Elsevier

Pancreatology

Volume 16, Issue 5, September–October 2016, Pages 882-887
Pancreatology

Original article
Microscopic venous invasion in patients with pancreatic neuroendocrine tumor as a potential predictor of postoperative recurrence

https://doi.org/10.1016/j.pan.2016.06.008Get rights and content

Abstract

Background

Microscopic venous and lymphatic invasion is a known prognostic factor for various cancers, but its prognostic relevance for pancreatic neuroendocrine tumors (PNETs) is unclear.

Methods

Thirty-two consecutive patients with PNET who had complete resection were included in this study. Venous and lymphatic invasion was identified on elastic tissue or immunohistochemical staining, and correlated with other clinicopathological factors, including recurrence-free survival.

Results

Venous and lymphatic invasion was identified in nine (28%) and three (9%) patients, respectively. Tumors with venous invasion were of significantly larger size, higher Ki-67 index, and higher mitotic counts. Patients with venous invasion showed significantly worse prognosis than those without venous invasion (P = 0.001). Five of nine patients (56%) with venous invasion had tumor recurrence, while a relapse was found in one case in patients without venous invasion (n = 23). Lymphatic invasion was not correlated with any other clinicopathological parameters including lymph node metastasis and recurrence-free survival. Predictive factors for recurrence in univariate analysis included microscopic venous invasion, tumor size ≥ 20 mm, non-functionality, and WHO grades. In multivariate analysis where WHO grades and microscopic venous invasion were applied, venous invasion remained a significant predictor of poor recurrence-free survival (P = 0.021).

Conclusions

Microscopic venous invasion may serve as a predictive factor for tumor recurrence in patients with resectable PNET. The combination of WHO grades and microscopic venous invasion may assist in the stratification of the patients for risk of tumor recurrence.

Introduction

Pancreatic neuroendocrine tumor (PNET) is a rare form of epithelial neoplasm with histologic evidence of neuroendocrine differentiation. This unique neoplasm has been increasingly diagnosed in Japan and other countries [1], [2]. PNETs are classified into two groups based on histopathological findings. Well differentiated PNETs are characterized by relatively uniform, less dysplastic tumor cells arranged in a solid or trabecular pattern, while poorly differentiated PNETs are pancreatic equivalents of lung small cell carcinomas or large cell neuroendocrine carcinomas [3]. As mitotic counts and Ki-67 indices on tissue are currently the only reproducible prognostic factors for patients with PNET, these microscopic findings are currently endorsed for tumor grading by the World Health Organization (WHO) [4]. In the 2010 WHO classification, PNETs are graded on a three-tiered system [2], [5]. Although grade 3 (G3) PNETs are highly malignant neoplasms with aggressive clinical behavior, it is generally difficult to predict the prognosis of patients with G1/2 PNET. Identification of additional prognostic factors that can be used together with WHO grading will assist in the stratification of patients for the risk of tumor recurrence.

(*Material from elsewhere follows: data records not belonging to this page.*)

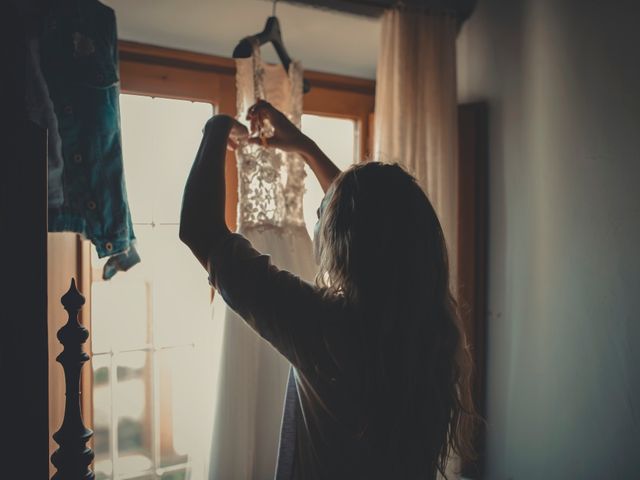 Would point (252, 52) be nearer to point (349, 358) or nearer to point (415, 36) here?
point (415, 36)

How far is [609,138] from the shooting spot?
1.29 meters

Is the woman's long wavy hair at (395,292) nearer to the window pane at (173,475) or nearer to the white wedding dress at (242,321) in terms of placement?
the white wedding dress at (242,321)

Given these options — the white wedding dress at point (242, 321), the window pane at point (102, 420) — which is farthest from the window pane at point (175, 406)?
the white wedding dress at point (242, 321)

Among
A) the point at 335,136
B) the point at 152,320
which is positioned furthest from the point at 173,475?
the point at 335,136

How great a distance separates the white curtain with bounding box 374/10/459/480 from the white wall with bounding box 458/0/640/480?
0.17 metres

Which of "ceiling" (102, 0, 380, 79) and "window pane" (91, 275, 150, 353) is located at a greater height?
"ceiling" (102, 0, 380, 79)

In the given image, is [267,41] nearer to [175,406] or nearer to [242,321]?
[242,321]

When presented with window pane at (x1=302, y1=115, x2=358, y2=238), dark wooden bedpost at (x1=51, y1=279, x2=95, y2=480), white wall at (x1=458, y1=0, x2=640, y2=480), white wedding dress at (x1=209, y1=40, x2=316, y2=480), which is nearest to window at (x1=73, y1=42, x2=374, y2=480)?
white wedding dress at (x1=209, y1=40, x2=316, y2=480)

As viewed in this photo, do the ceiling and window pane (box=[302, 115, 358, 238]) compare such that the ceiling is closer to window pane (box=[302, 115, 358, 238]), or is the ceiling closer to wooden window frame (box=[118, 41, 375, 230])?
wooden window frame (box=[118, 41, 375, 230])

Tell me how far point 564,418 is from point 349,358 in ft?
3.32

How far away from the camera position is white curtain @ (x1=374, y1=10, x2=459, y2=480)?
1550 millimetres

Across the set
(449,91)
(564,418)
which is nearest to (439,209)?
(449,91)

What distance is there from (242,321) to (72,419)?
566 mm

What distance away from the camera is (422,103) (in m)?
1.58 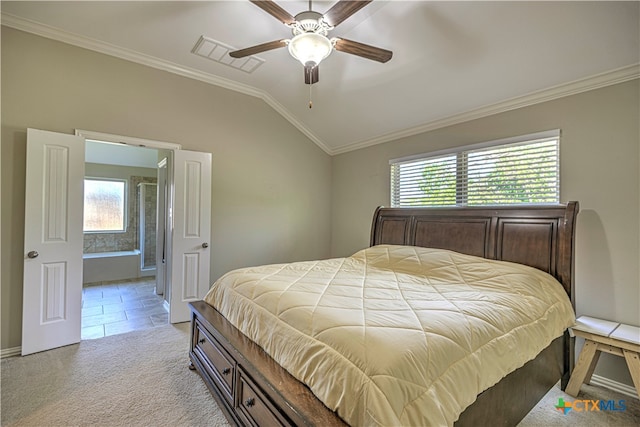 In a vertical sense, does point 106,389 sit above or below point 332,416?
below

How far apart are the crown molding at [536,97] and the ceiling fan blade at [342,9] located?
201 centimetres

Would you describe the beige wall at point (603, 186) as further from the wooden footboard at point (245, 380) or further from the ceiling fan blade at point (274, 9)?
the wooden footboard at point (245, 380)

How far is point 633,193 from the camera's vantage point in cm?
222

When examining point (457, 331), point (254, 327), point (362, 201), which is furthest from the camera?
point (362, 201)

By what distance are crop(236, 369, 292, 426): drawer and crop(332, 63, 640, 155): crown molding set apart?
128 inches

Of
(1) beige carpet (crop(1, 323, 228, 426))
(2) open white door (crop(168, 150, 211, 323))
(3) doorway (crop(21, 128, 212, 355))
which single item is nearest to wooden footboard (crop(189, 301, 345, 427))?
(1) beige carpet (crop(1, 323, 228, 426))

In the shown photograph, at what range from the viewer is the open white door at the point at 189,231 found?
11.5 feet

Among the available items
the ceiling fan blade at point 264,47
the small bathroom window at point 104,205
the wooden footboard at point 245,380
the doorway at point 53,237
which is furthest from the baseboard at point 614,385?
the small bathroom window at point 104,205

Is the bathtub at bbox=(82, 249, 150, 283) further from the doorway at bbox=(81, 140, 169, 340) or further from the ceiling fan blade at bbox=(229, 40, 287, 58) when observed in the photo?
the ceiling fan blade at bbox=(229, 40, 287, 58)

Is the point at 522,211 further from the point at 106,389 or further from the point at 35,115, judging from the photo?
the point at 35,115

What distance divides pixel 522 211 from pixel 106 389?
11.9 feet

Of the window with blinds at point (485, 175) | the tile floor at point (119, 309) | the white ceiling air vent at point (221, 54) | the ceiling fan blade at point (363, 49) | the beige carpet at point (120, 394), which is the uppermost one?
the white ceiling air vent at point (221, 54)

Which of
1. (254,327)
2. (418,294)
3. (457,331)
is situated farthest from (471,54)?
(254,327)

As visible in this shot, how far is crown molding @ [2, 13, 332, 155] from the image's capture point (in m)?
2.70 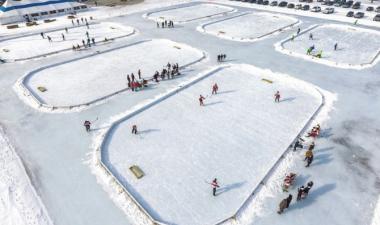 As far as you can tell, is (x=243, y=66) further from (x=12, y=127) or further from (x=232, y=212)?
(x=12, y=127)

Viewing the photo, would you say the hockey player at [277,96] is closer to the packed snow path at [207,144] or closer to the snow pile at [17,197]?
the packed snow path at [207,144]

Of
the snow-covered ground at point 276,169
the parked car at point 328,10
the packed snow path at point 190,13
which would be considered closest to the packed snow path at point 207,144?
the snow-covered ground at point 276,169

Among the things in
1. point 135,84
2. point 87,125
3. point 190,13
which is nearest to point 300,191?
point 87,125

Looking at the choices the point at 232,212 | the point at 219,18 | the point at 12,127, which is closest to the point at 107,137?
the point at 12,127

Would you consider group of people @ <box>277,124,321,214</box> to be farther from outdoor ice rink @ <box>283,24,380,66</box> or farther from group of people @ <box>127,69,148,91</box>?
outdoor ice rink @ <box>283,24,380,66</box>

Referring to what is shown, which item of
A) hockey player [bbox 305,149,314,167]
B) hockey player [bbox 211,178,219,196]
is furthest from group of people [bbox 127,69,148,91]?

Lymphatic and venous drainage are primary routes of tumor dissemination from a primary tumor site to regional lymph nodes and distant organs. The presence of microscopic venous invasion is believed to be a histologic indicator of aggressive tumor behavior, and has been determined as an independent factor for poor prognosis for various cancers [6], [7], [8]. Previous studies on neuroendocrine tumors (NETs) of the lung has shown that microscopic venous and lymphatic invasion is significantly correlated with WHO histologic grades, tumor sizes, recurrence, and patients' survival [9]. However, this correlation remains controversial for PNETs. In the current study, we examined microscopic venous and lymphatic invasion in patients with resectable well differentiated PNET using immunohistochemistry for CD31 and D2-40, and correlated the results with other clinicopathologic parameters including recurrence-free survival.

Section snippets

Patient selection

The study protocol was approved by the Ethics Committee at Kobe University, and written informed consents were obtained from all patients. During the study period from January 2008 to April 2014, 33 patients with PNET underwent surgical resection at our institute. One patient was excluded from this study due to the presence of multiple small metastatic nodules in the liver found during surgery that lead to incomplete resection. The remaining 32 patients who had complete resection were included

Clinical features

The study cohort consisted of 18 men and 14 women with a median age of 64 years (range: 29–87 years). The tumor sizes ranged from 10 to 156 mm (median 16 mm). Three patients had another primary NET in an extrapancreatic organ (the lung, duodenum, and stomach). Two patients had a history of von Hippel-Lindau disease, and another patient had multiple endocrine neoplasia type 1.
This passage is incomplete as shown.